Moojub
- Origin: US
- Type: Reserved builder
- Family: Windmill
- Deck: Double 52-card

= Moojub =

Card game

Moojub is a card solitaire which is played using one deck of playing cards. It was invented by Geoffrey Mott-Smith and Albert H. Morehead around 1950. It is also one of the easier games to win: a player can win half of all games played.

==Rules==
To start, four cards are dealt in a column, forming a reserve. To form the first foundation column, the player has to pick out the card with the lowest value (aces are ranked low in this case). Then the card with the next lowest value in a different suit is placed under the first card, below that a card of a third, and a card of a fourth suit, forming the first foundation column with each card the lowest one in each suit at the time. The order of suits in the first foundation column determines the order of suits in the other columns. The foundations are built up by suit; they are also round-the-corner, i.e. an ace can be placed on a king; in turn a two can be played on the ace.

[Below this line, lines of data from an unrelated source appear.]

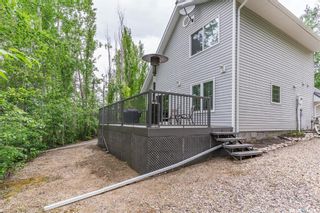 Photo 31: 201 Rural Address in Nipawin: Residential for sale (Nipawin Rm No. 487)  : MLS®# SK928064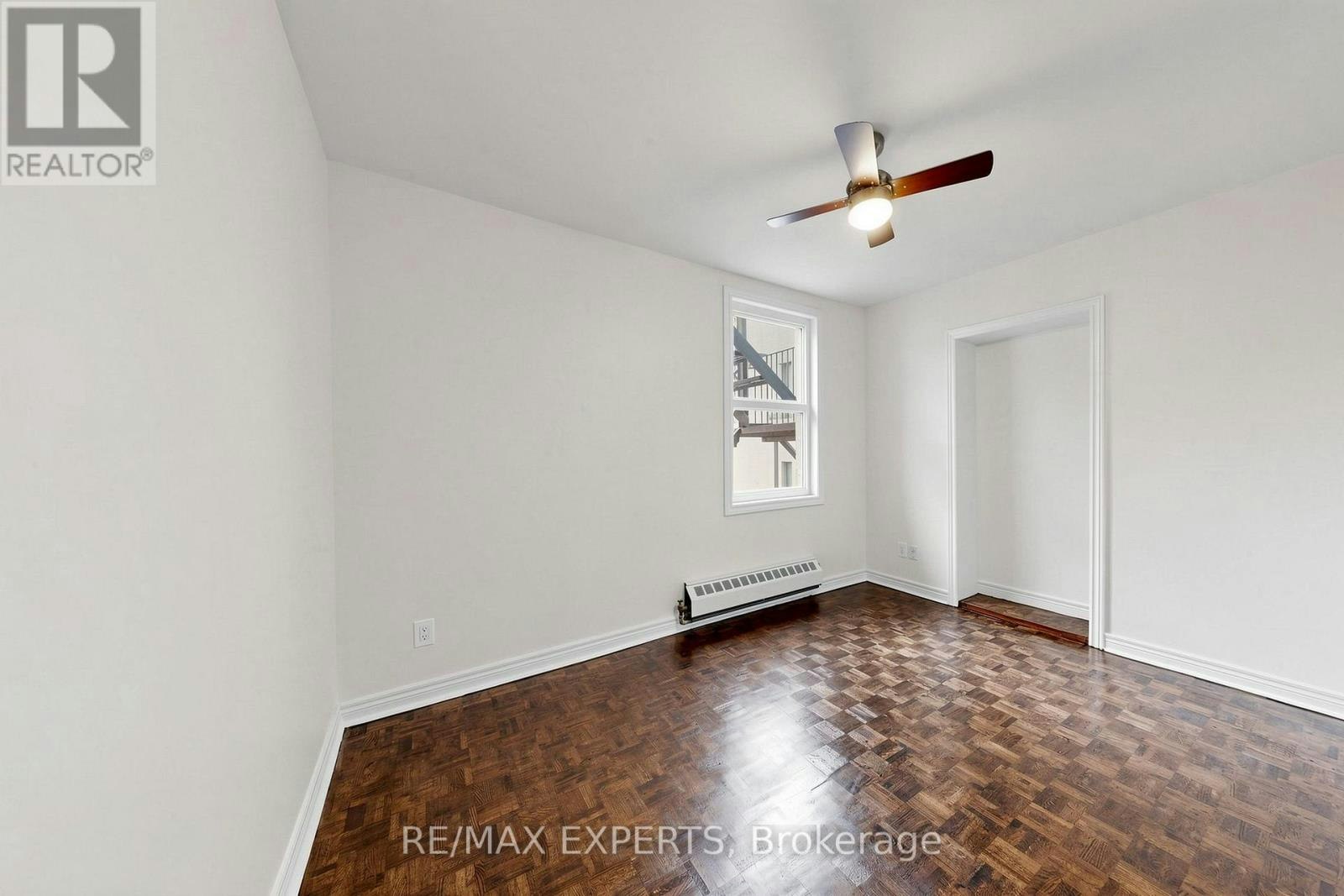 204-218 Close Avenue, Toronto, ON, M6K 1M3 - 18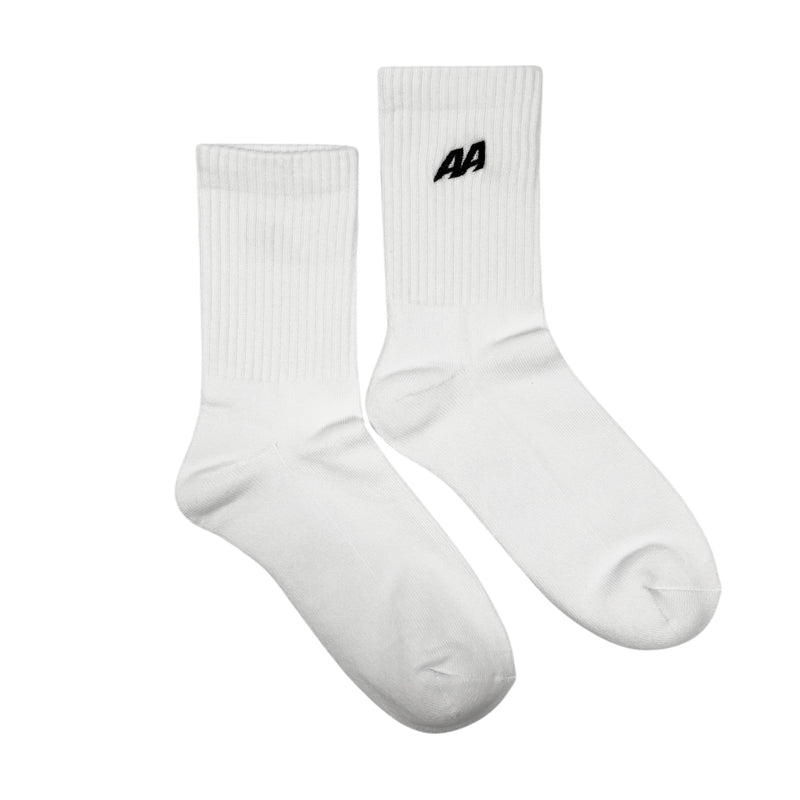 AA Socks
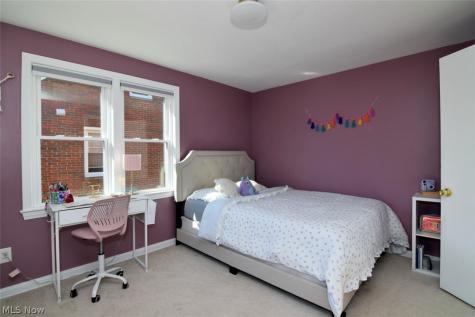 3870 Faversham Road University Heights OH 44118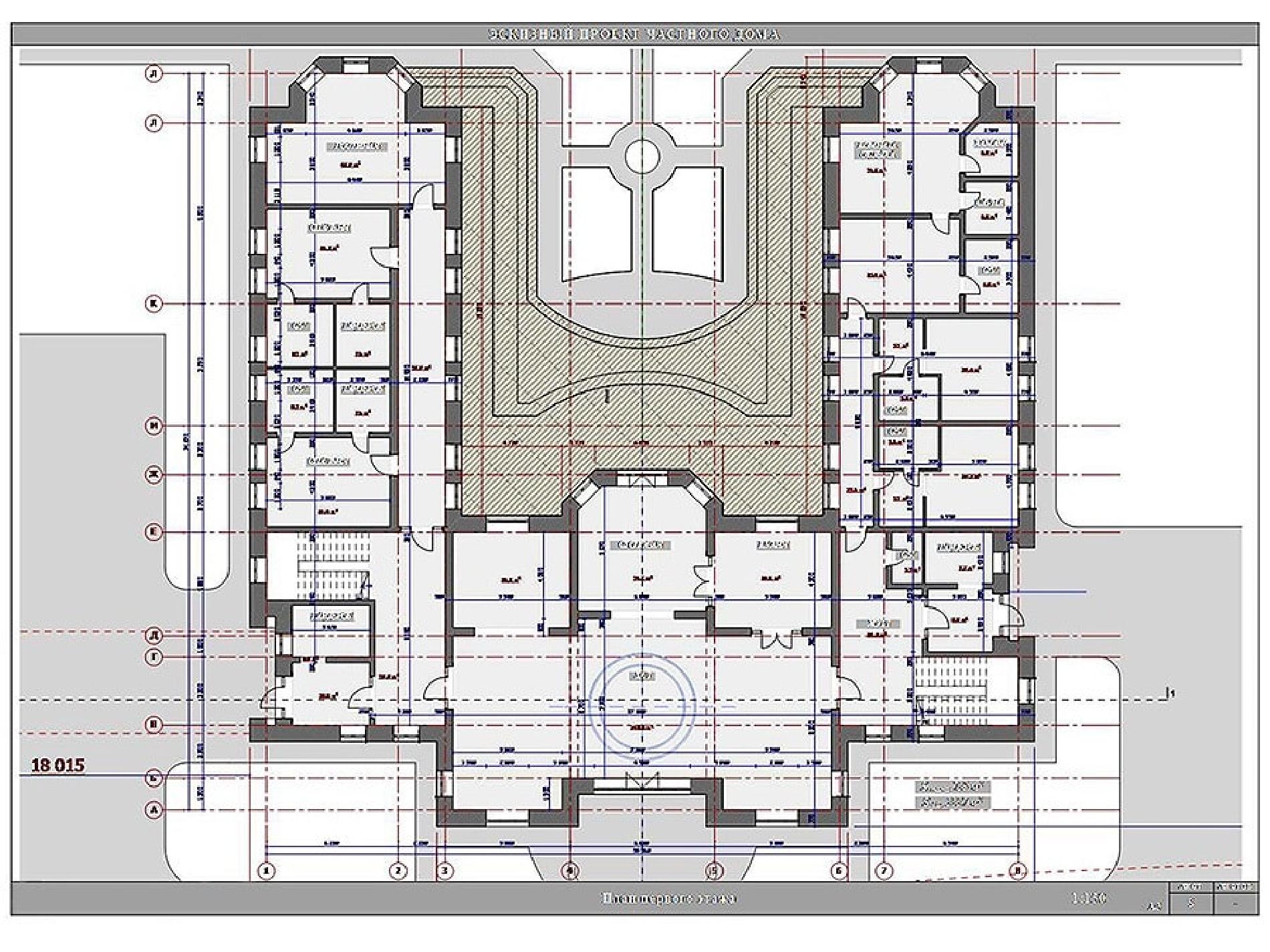 Планировка проекта дома №av-2500 av-2500_p2.jpg
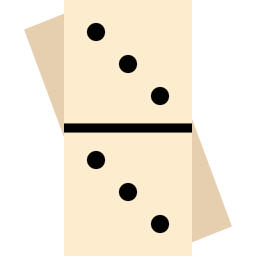 domino icon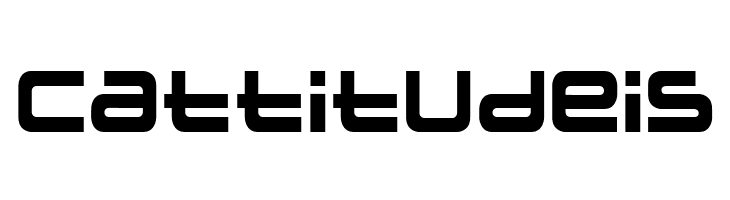 Patinio iAgency  Free Fonts Download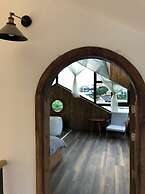 Nhà Sói Homestay Da Lat
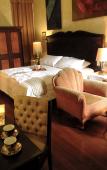 Туры в отель Casa Falleri Boutique Hotel Туры в отель Casa Falleri Boutique Hotel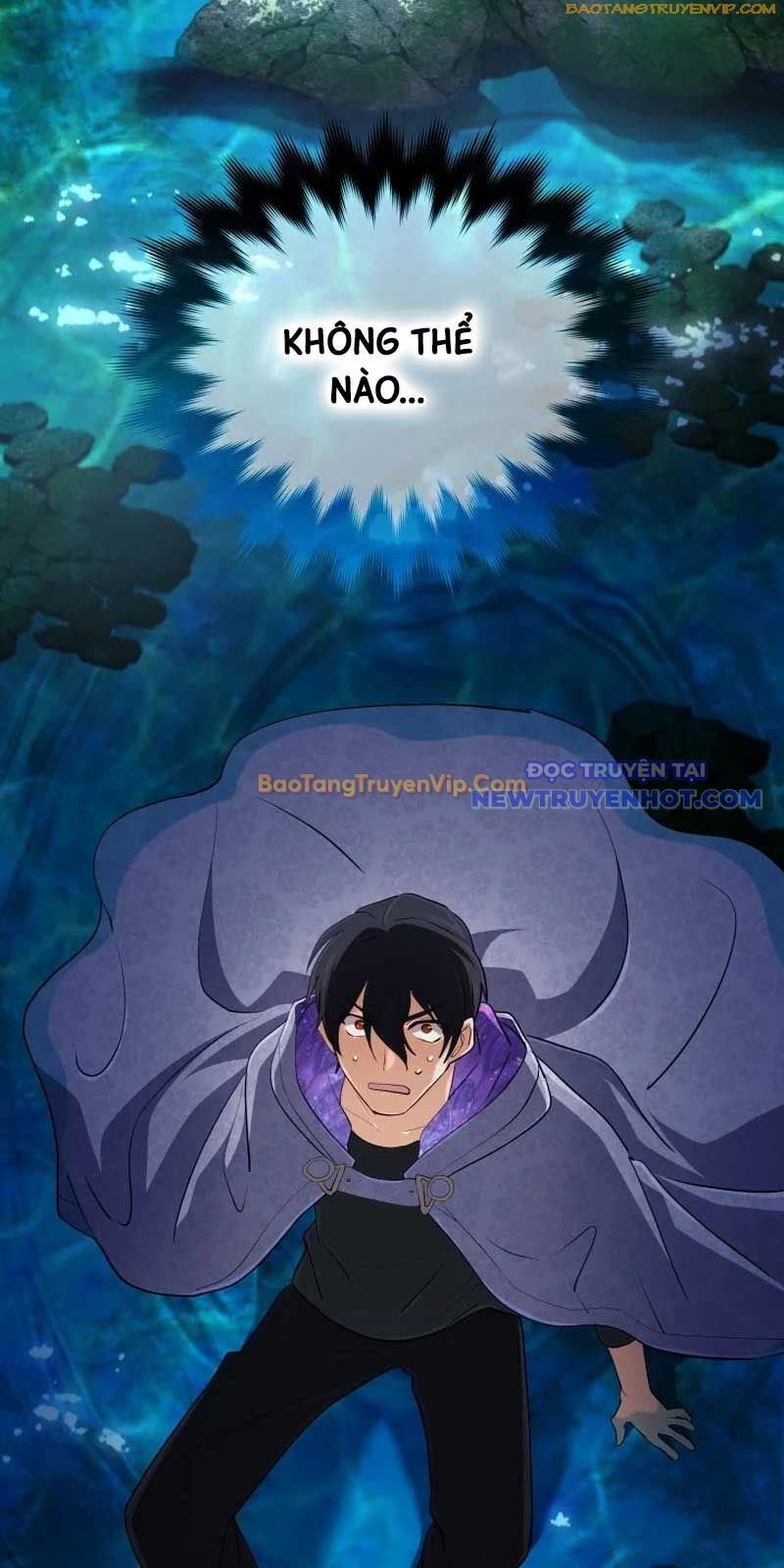 Đại Pháp Sư Thần Thoại Tái Lâm - Chapter 39 - Page 85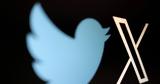 Έπεσε, Twitter, Προβλήματα, Ελλάδα,epese, Twitter, provlimata, ellada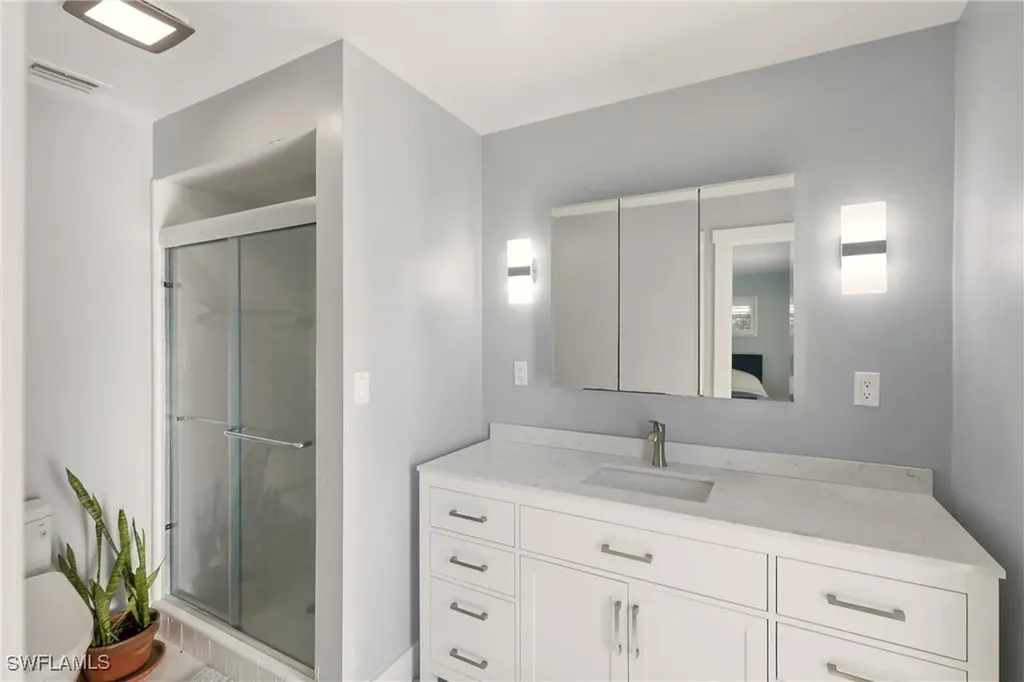 74 Aqua Lane North Fort Myers FL 33903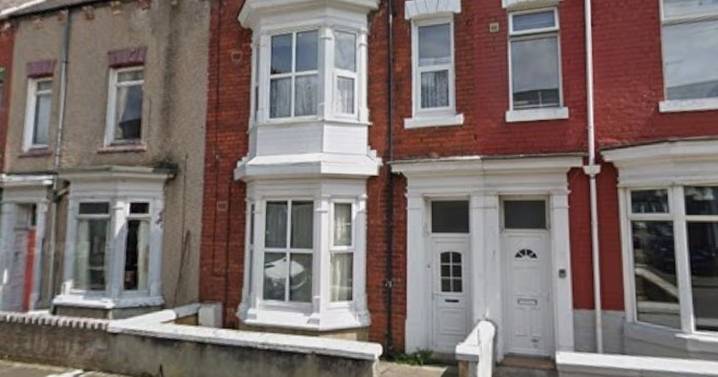 Developer 'trying to shake off stigma' that surrounds HMOs after police concerns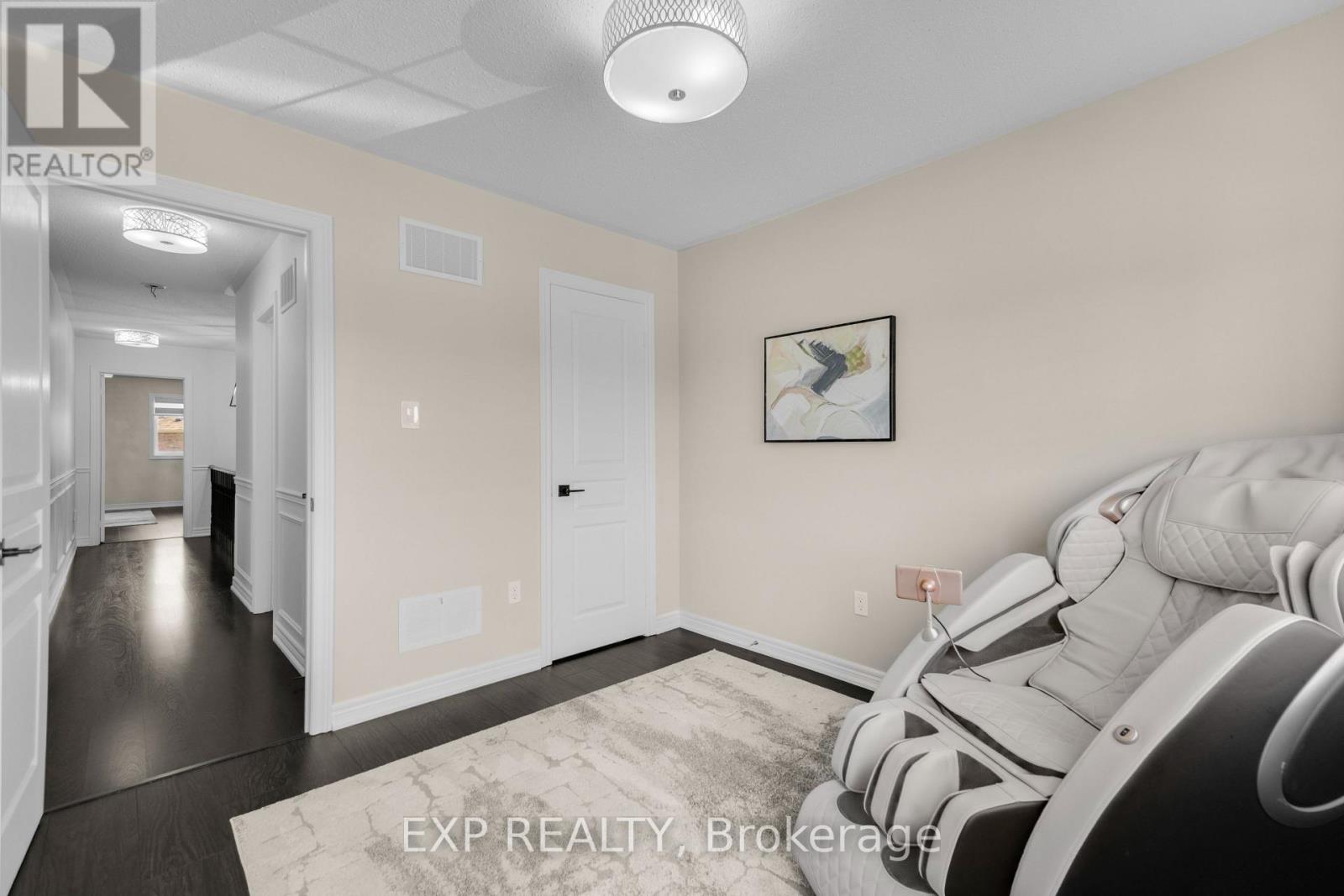 3086 OZZIE DRIVE - 29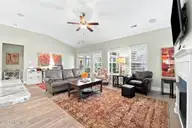 4369 Onyx Lane, New Bern, NC 28562 — 3-bedroom home in Carolina Colours, New Bern, NC, photo 17 of 54: Living Room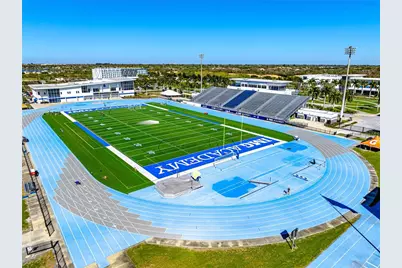 3608 54th Drive W #102, Bradenton, FL 34210 - Photo 70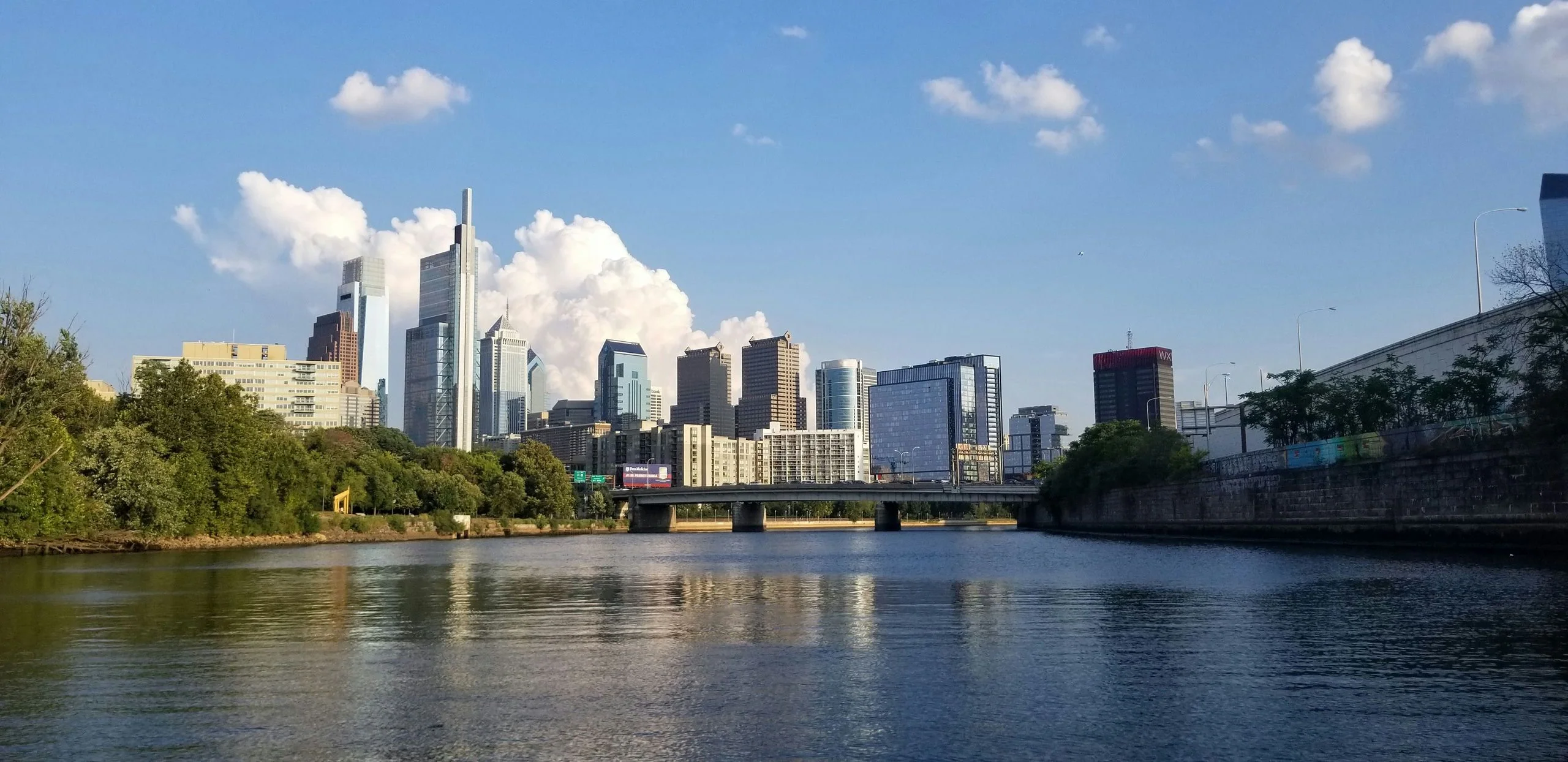 Philadelphia Date Night for Two - Image 4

Cards are then dealt continuously in batches of four, one on each reserve pile. If a card can be built on a foundation, it must be built. However, if the card cannot be built, the player can use it as a base for a new foundation pile, provided that:
- Each foundation column must contain all suits before a new one is formed. It should also be put in order from top to bottom,
- Each new foundation card should be of the same suit as its left-hand neighbor, and
- If there are at least two cards of the same suit that are available as bases, the lower-ranked one is taken.

The reserve is only ever filled by the subsequent dealing of cards.

The game is won when the stock is exhausted and all cards are in the foundation columns.